* [TASK STATEMENT] In the entries below, spot each line with the word "Jersey" and copy it.

[Saved entries]
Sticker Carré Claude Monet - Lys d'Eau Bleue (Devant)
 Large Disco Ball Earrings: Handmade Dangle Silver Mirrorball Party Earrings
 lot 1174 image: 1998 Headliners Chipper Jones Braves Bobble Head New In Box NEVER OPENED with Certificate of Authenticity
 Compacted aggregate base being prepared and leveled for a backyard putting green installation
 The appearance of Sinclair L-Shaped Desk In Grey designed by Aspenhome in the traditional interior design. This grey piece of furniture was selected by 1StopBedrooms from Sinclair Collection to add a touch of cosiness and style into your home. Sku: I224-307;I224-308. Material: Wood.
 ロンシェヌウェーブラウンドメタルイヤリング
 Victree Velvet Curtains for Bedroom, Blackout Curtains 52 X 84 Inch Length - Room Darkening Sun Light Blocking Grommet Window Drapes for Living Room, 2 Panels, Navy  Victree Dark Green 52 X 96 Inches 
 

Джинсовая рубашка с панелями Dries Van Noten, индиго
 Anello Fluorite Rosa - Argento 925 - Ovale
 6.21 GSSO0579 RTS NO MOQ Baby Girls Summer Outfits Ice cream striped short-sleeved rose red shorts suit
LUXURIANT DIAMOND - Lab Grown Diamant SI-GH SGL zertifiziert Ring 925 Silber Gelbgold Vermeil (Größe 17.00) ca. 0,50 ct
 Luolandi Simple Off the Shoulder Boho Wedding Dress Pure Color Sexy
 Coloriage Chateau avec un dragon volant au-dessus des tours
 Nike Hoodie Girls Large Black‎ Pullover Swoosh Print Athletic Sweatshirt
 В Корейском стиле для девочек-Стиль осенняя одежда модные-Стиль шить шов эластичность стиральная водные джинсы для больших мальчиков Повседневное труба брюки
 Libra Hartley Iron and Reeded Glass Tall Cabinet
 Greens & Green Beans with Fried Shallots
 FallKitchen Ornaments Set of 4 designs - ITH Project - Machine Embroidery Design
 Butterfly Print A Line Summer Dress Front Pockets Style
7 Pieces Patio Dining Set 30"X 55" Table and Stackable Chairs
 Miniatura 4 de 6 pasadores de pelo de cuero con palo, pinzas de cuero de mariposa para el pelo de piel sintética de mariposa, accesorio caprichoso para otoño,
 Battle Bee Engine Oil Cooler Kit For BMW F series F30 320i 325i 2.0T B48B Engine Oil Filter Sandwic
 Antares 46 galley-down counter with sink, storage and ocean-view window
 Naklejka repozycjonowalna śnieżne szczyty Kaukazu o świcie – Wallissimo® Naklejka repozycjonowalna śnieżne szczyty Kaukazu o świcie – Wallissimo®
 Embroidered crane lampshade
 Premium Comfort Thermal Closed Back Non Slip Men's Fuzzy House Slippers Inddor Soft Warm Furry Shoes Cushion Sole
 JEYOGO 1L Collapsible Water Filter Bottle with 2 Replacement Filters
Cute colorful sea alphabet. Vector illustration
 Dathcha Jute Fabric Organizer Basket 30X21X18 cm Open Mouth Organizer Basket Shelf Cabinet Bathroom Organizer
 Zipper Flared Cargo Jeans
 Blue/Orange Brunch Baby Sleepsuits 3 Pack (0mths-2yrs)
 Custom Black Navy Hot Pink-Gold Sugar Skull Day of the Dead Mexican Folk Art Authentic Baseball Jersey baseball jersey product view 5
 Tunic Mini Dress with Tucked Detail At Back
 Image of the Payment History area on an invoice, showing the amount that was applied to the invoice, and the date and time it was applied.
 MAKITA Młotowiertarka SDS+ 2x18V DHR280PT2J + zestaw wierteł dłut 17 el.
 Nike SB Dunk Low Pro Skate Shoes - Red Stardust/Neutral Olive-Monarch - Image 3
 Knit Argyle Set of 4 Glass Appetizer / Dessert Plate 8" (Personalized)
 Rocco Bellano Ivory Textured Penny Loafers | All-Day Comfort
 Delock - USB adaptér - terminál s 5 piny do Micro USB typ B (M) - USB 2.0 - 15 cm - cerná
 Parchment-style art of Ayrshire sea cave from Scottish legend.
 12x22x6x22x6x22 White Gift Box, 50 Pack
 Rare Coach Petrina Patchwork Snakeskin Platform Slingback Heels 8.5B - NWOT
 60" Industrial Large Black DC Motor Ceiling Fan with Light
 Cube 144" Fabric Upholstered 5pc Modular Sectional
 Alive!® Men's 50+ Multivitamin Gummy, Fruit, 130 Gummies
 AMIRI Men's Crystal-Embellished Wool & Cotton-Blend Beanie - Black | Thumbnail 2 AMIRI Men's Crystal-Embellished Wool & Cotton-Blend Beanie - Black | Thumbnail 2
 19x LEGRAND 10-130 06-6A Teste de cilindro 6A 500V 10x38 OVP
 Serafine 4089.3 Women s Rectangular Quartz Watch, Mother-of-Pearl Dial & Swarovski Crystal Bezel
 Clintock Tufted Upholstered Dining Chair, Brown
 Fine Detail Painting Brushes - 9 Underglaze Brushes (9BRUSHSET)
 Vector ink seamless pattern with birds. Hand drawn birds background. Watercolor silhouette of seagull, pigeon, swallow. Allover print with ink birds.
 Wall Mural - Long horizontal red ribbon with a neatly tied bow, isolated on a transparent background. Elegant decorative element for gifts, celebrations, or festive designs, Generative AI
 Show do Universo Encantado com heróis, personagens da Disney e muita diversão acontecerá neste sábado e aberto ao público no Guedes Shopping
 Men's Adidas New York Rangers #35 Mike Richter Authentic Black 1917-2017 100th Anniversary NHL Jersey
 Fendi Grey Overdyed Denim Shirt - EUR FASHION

* [RESULT FOR THIS EXERCISE]
 Custom Black Navy Hot Pink-Gold Sugar Skull Day of the Dead Mexican Folk Art Authentic Baseball Jersey baseball jersey product view 5
 Men's Adidas New York Rangers #35 Mike Richter Authentic Black 1917-2017 100th Anniversary NHL Jersey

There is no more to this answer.